It was not long until he found tracks that he said were fox tracks, and in various places on the marsh set three traps, which were considerably larger than those set for marten or mink, and had two springs instead of one, and he used much greater care in setting them than in setting those for marten and mink. With his sheathknife he cut out a square of snow, and excavated in the snow a place large enough to accommodate the trap. Over the trap a thin crust of snow was placed, and so carefully fitted that its location was hardly discernible. In like manner the chain, which was attached to the root of a scrubby spruce tree, was also concealed. From a carefully wrapped package on his flatsled Skipper Zeb produced some ill-smelling meat, and this he scattered upon the snow over and around the trap.

"They likes meat that smells bad," he explained, "and I'm thinkin' that smells bad enough for un."

Evening was falling when suddenly through the forest there glinted the waters of a lake, and here on its shores Skipper Zeb told them they were to camp for the night. A home-made cotton tent, small but amply large enough for the three, was quickly pitched and a tent stove set up. Then while Toby and Charley gathered boughs and laid the bed, Skipper Zeb cut a supply of wood for the night, and before the boys had finished the bed he was frying in the pan a delicious supper of partridges, which he and Toby had shot during the afternoon.

Charley was sure he had never been so tired in his life. It had been a long day of steady walking, save for the brief stops when Skipper Zeb halted to set a trap, and the snow and turns at hauling the flatsled had made it the harder. He lay back upon his sleeping bag chatting with Toby and watching Skipper Zeb prepare supper. How cozy and luxurious the tent was! The pleasant fragrance of spruce and balsam would have put him to sleep at once, had it not been for the pleasanter fragrance of the frying partridges and a hunger that increased with every minute.

When the meal was eaten Charley's eyes were so heavy that it was little short of torture to keep them open, and he slipped into his sleeping bag, and in an instant had fallen into dreamless, restful sleep.

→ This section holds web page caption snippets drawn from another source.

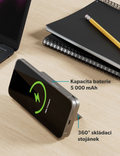 Bezdrátová powerbanka Epico UltraPack Qi2 Stand 5000mAh hliníková Mag+, titanová
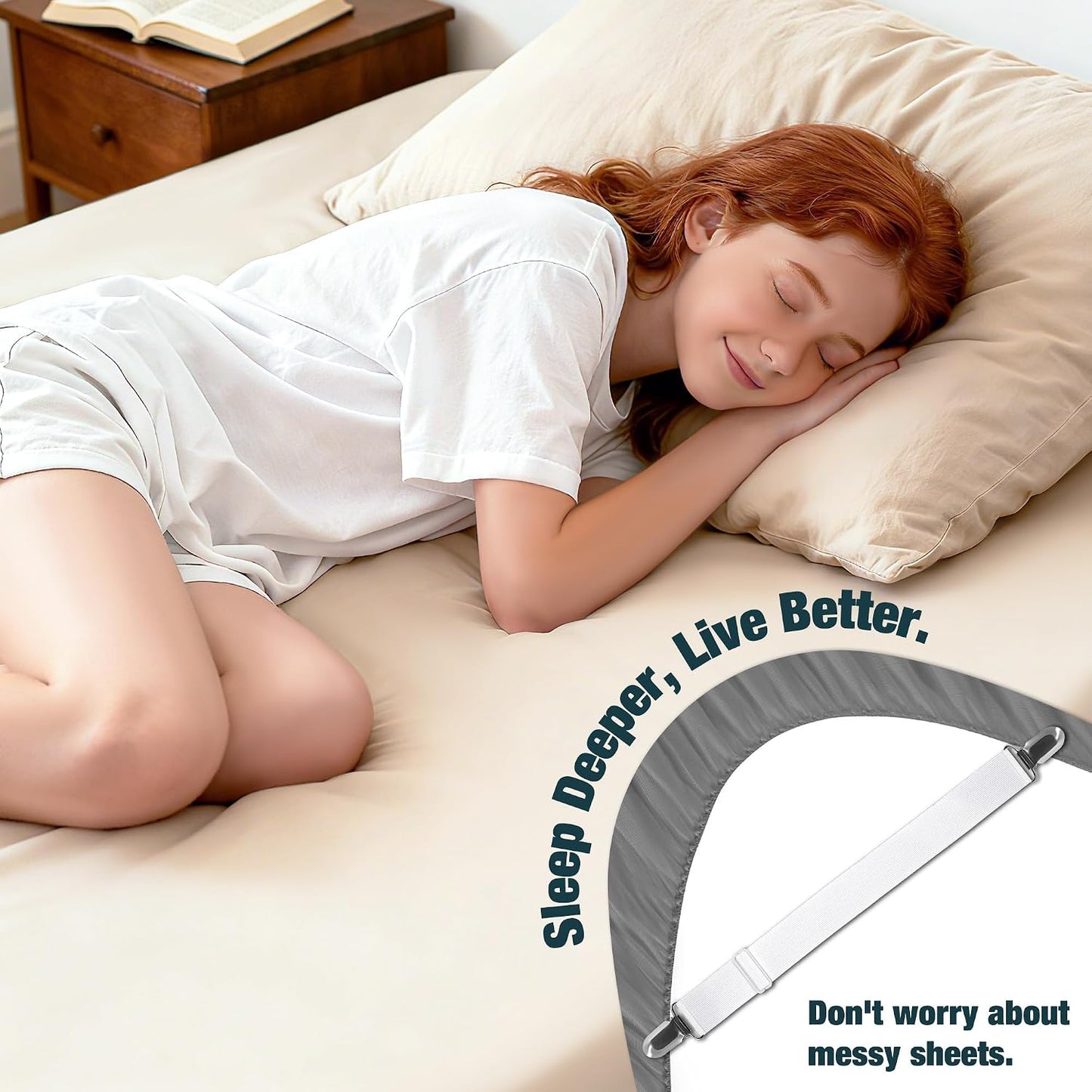 4 Pack Adjustable Elastic Straps with Metal Clips, Bed Sheet Fasteners, Bedding Suspenders for Mattress Covers, Bed Corner Holders and Keepers (White)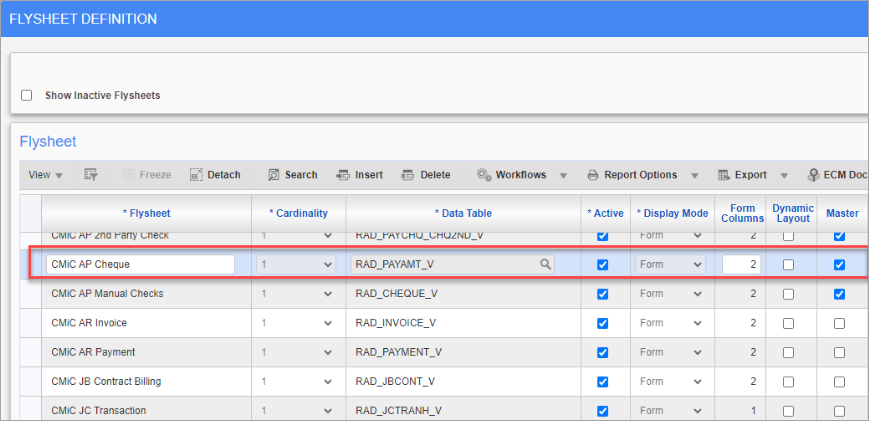 Screenshot of Flysheet Definition screen.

How long he had been sleeping he did not know, when suddenly he found himself awake and alert. Something had aroused him, and he sat up and listened. For a time he heard nothing, save the heavy breathing of Skipper Zeb and Toby, and he was about to lie down again when there came the sound of footsteps in the slightly crusted snow outside. Some animal was prowling cautiously about the tent sniffing at its side. The moon was shining, and suddenly he saw the shadowy outline, against the canvas, of a great beast that he knew to be a timber wolf.

He was about to reach over to Skipper Zeb to wake him, when all at once the stillness was broken by a terrifying, heartrending howl, rising and falling in mournful cadence, and echoing through the forest behind them. The howling creature was separated from Charley only by the thickness of the canvas, and Charley's blood ran cold.